Ich kriegte dann noch eine Menge Einladungen, in anderen Kirchen zu singen und wanderte mit der Gitarre auf dem Rücken von Ort zu Ort. Ich fühlte mich wie Paulus, der Wanderprediger.
Ein paar Wochen später in Putbus auf Rügen. Null Werbung; es saßen genau sieben alte Damen in der Kirche. Sieben! Hier gabs offensichtlich keine Toilettenhäuschen. Ich zog mit der Schar der sieben Aufrechten gleich nebenan in die kleine Kapelle und legte los. Eine Achtzigjährige sah die ganze Zeit grimmig aus und kuckte so verquält.
»Ist es Ihnen zu laut?« fragte ich freundlich. Sie legte die Hand ans Ohr und rief zurück; »Wie bitte?« Mit der Lautstärke einer Schwerhörigen. Kleines Gelächter. Aha, das wars.
Viele Jahre später, so 1988 war das, ich hatte noch immer keine Greencard, wohnte aber schon seit ein paar Jahren in Los Angeles, und jede Einreise aus Europa wurde zum Eiertanz; ich wollte natürlich mein Sechs-Monats-Visum wieder haben. Was immer von der Gnade der Einwanderungs-Beamten abhing. Jeder, der schon mal in Amerika war, kennt den Zirkus und die oft nicht sehr freundlichen Gesichter an den Schaltern. Man fühlt sich ausgeliefert und hilflos. Da ist immer der Verdacht von Illegalität, will der etwa hier bleiben? Und arbeiten? Also stellen sie einem tausend blöde Fragen.

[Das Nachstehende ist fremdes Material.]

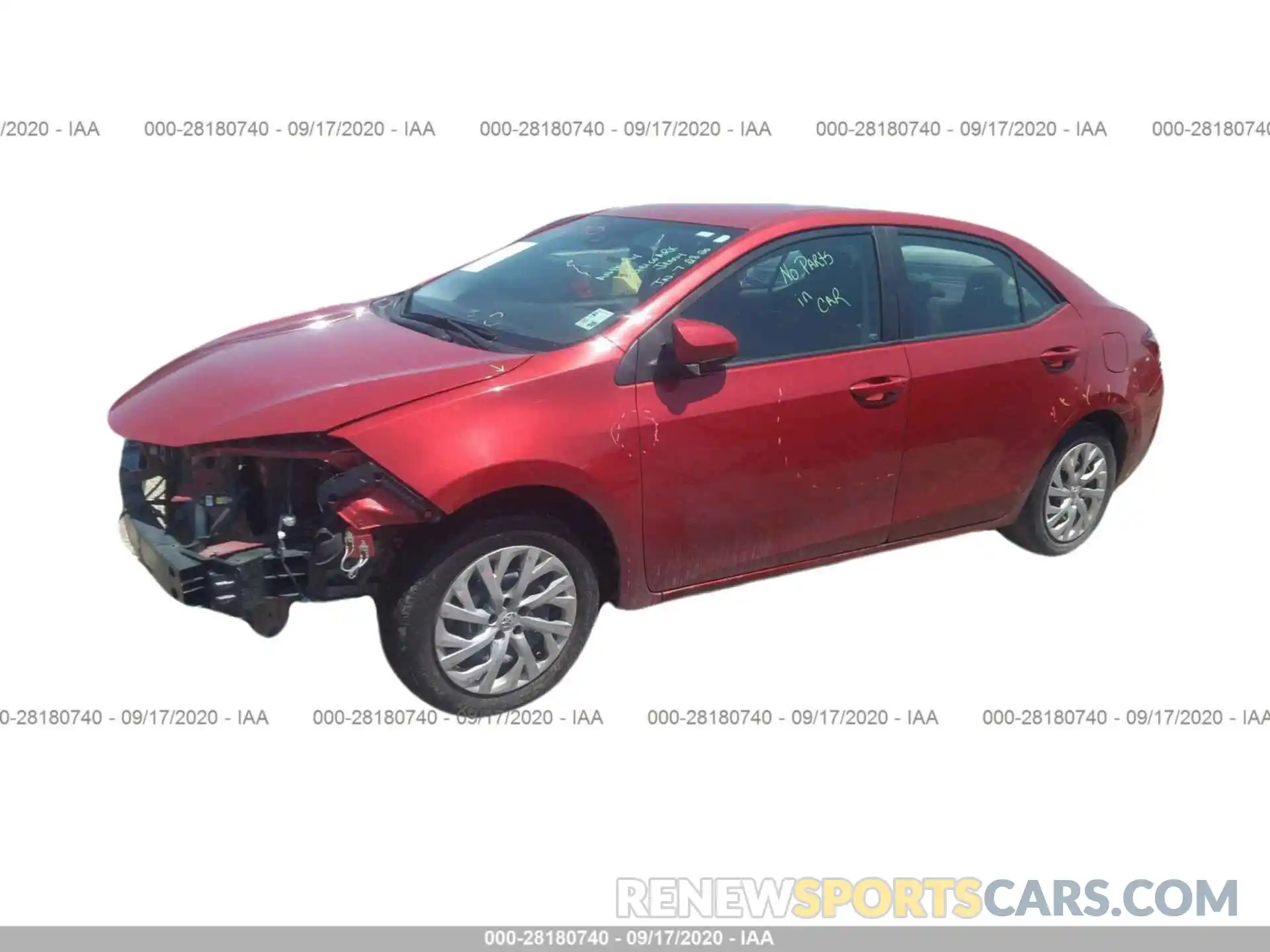 2 Photograph of a damaged car 5YFBURHE0KP871636 TOYOTA COROLLA 2019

Diesmal war ich an eine sehr korpulente schwarze Lady geraten. Das hatte ich immer vermieden bisher, ich kannte genug schwarze Rassisten, die mir kleinem White Boy das Leben schwer machen wollten. Also Miss Officer machte keinerlei Anstalten, mir das Leben leicht zu machen, die Einreise. Irgendwann wurde’s mir zu bunt und ich sagte ganz cool: »By the way, Ma’m, I used to sing Gospels in East German churches.«
Pause, sie kuckte mich an, und ein Lächeln erhellte ihr Gesicht: »Oh really?« Sie knallte mir den ersehnten Stempel aufs Papier, gab mir meinen Pass zurück und sagte strahlend: »Have a nice time in America.«
Thank you Mahalia.
Irgendwo an der Ostsee, 8. November 2007
Orpheus steigt herab und rein in den Hootenannyklub von Ostberlin
Ich war ihnen geradezu in die Arme gelaufen. Ich war für sie genauso der Jackpot, wie sie für mich. Möglicherweise wären sie auch ohne mich ausgekommen; für mich jedenfalls war’s der Sechser im Lotto; von dem Tag an war mein Leben nicht mehr dasselbe; es war besser. Sehr viel besser.
Irgendwann am Ende der Steinzeit, im Frühsommer 1965 hatte ich den festen Vorsatz, mein sicheres Leben aufzugeben. Ich wollte raus. Raus aus der Geborgenheit des Theaters der kleinen Städte. Meine Perspektive war, nach dem Engagement am Gerhart-Hauptmann-Theater Görlitz/Zittau, meinem ersten gleich nach der Schauspielschule, nach Rudolstadt zu gehen, von dort nach Meiningen, dann nach Karl-Marx-Stadt, um nach vielen Jahren – vielleicht - irgendwann im Mekka der Theaterkunst anzukommen: In Berlin, der Hauptstadt der DDR.